[Data extracted from a collection]

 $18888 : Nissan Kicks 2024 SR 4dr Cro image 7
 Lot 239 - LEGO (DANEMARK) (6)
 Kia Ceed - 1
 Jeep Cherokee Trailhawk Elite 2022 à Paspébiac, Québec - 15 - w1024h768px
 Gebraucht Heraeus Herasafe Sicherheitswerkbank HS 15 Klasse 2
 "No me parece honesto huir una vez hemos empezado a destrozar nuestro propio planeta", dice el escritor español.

# EXERCISE AIM
Output the records verbatim, from the first line to the last.

# ANSWER SECTION
 $18888 : Nissan Kicks 2024 SR 4dr Cro image 7
 Lot 239 - LEGO (DANEMARK) (6)
 Kia Ceed - 1
 Jeep Cherokee Trailhawk Elite 2022 à Paspébiac, Québec - 15 - w1024h768px
 Gebraucht Heraeus Herasafe Sicherheitswerkbank HS 15 Klasse 2
 "No me parece honesto huir una vez hemos empezado a destrozar nuestro propio planeta", dice el escritor español.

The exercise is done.